If you use . after % without specifying the precision, it is set to zero.

From the printf page on cppreference.com:

. followed by integer number or *, or neither that specifies precision of the conversion. In the case when * is used, the precision is specified by an additional argument of type int. If the value of this argument is negative, it is ignored. If neither a number nor * is used, the precision is taken as zero.

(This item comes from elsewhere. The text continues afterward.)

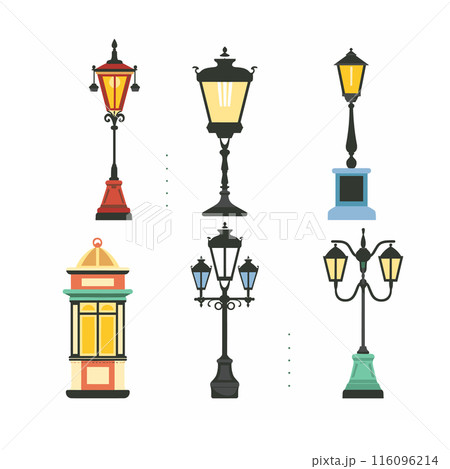 Collection vintage streetlights, featuringのイラスト素材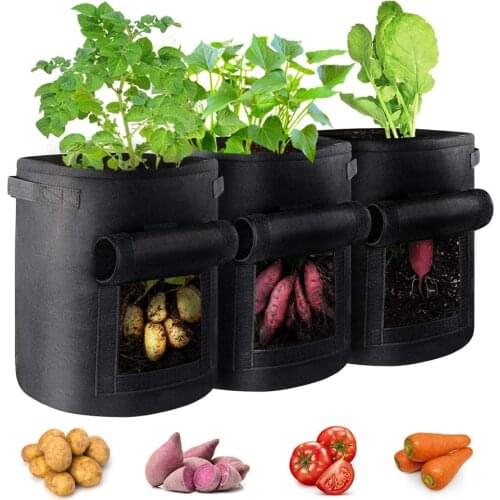 7 Gallon Garden Plant Grow Bags Garden Potato greenhouse Vegetable Growing Bag with Flap Handles Breathable Fabric Pots Bag Tool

It defaults to 1 if you use %d (without .):

printf("d = %d, 1d= %1d", 0, 0);
# Output:   d = 0, 1d= 0

Answer 2

The C18 standard - ISO/IEC 9899:2018 - (emphasize mine) states:

"An optional precision that gives the minimum number of digits to appear for the d, i, o, u, x, and X conversions, the number of digits to appear after the decimal-point character for a, A, e, E, f, and F conversions, the maximum number of significant digits for the g and G conversions, or the maximum number of bytes to be written for s conversions. The precision takes the form of a period (.) followed either by an asterisk * (described later) or by an optional non negative decimal integer; if only the period is specified, the precision is taken as zero. If a precision appears with any other conversion specifier, the behavior is undefined."

Source: C18, §7.21.6.1/4

Means %.d is equal to %.0d and with that different to %.1d.

---

Furthermore:

"d,i - The int argument is converted to signed decimal in the style [-]dddd. The precision specifies the minimum number of digits to appear; if the value being converted can be represented in fewer digits, it is expanded with leading zeros. The default precision is 1. The result of converting a zero value with a precision of zero is no characters."

Source: C18, §7.21.6.1/8

That means if you convert a 0 value by using %.d in a printf() call, the result is guaranteed to be no characters printed (which matches to your test experience).

Answer 3

When the precision is set to zero or its value is omitted like

printf( "%.d", x )'

when according to the description of the conversion specifiers d and i (7.21.6.1 The fprintf function)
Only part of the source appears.